As taxane-based chemotherapy regimens have been successfully used in SCCs of different origins, combinations incorporating paclitaxel have been used to treat patients with penile cancer from the early 2000s. A paclitaxel/carboplatin combination has been used experimentally by two groups. Bermejo and colleagues used the neoadjuvant approach in two patients and reported long-term survival after chemotherapy followed by lymph node dissection (50 versus84 months) [Bermejo et al. 2007]. Joerger and colleagues reported a ‘significant’ remission in one patient with advanced disease after three cycles of paclitaxel/carboplatin (75 mg/m2paclitaxel, area under the curve [AUC] 3 carboplatin) [Joerger et al. 2004]. Both studies reported that treatment was well tolerated.

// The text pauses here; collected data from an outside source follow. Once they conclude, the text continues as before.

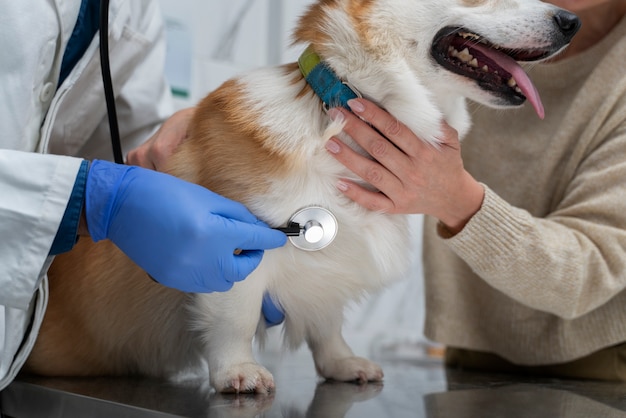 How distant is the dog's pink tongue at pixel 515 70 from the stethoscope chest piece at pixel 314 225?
312 millimetres

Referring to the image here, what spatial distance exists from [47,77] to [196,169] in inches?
9.3

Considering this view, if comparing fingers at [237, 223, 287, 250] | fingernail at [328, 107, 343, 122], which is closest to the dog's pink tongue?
fingernail at [328, 107, 343, 122]

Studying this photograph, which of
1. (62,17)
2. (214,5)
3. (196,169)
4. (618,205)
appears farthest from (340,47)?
(214,5)

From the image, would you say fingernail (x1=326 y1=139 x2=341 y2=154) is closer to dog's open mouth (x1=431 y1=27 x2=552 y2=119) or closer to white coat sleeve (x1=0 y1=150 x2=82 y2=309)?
dog's open mouth (x1=431 y1=27 x2=552 y2=119)

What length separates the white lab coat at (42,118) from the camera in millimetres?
731

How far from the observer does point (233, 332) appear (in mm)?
850

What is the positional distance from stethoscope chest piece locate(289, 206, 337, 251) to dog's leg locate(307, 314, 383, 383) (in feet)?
0.61

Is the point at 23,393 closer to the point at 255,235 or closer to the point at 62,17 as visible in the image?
the point at 255,235

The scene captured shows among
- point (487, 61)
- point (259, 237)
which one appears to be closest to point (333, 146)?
point (259, 237)

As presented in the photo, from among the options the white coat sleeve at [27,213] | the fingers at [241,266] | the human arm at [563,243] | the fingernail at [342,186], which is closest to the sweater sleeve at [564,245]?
the human arm at [563,243]

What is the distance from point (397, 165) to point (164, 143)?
0.35 metres

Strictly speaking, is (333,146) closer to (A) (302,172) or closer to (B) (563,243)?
(A) (302,172)

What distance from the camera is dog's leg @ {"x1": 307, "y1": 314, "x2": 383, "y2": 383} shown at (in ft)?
3.23

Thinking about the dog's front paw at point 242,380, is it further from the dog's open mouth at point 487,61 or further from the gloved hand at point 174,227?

Penile cancer is an aggressive disease and successful curative local treatment can usually only be achieved at an early stage. Successful treatment of advanced penile carcinoma with regional and systemic metastases remains a grave problem in uro-oncology. In regional lymphatic metastatic disease combined chemotherapy with aggressive surgical treatment may be effective but the rate of local recurrence with further progression is high. In systemic disease chemotherapy remains the only option.
Penile cancer is an aggressive disease and after systemic progression it is virtually incurable. While this squamous cell cancer responds to chemotherapy, successful treatment of lymphatic metastases can only be achieved with aggressive surgical treatment in combination with chemotherapy. However, because penile carcinoma is relatively rare there is a paucity of clinical data on the chemotherapy for this aggressive disease. Recent advances have included the establishment of less toxic regimens incorporating taxanes, while cisplatinum remains central to all regimens. Multi-institutional studies are urgently needed to advance the multimodal care for patients with penile cancer.
There are again virtually no data on second-line strategies for the systemic treatment of penile cancer. Recently, Di Lorenzo and colleagues reported the results of a phase II trial of 25 patients with progression after pretreatment with different chemotherapy regimens treated with a single agent paclitaxel [Di Lorenzo et al. 2011]. They observed a response in five of 25 patients, with grade 4 neutropenia reported in seven patients and a median progression-free survival of 11 weeks (median overall survival 23 weeks).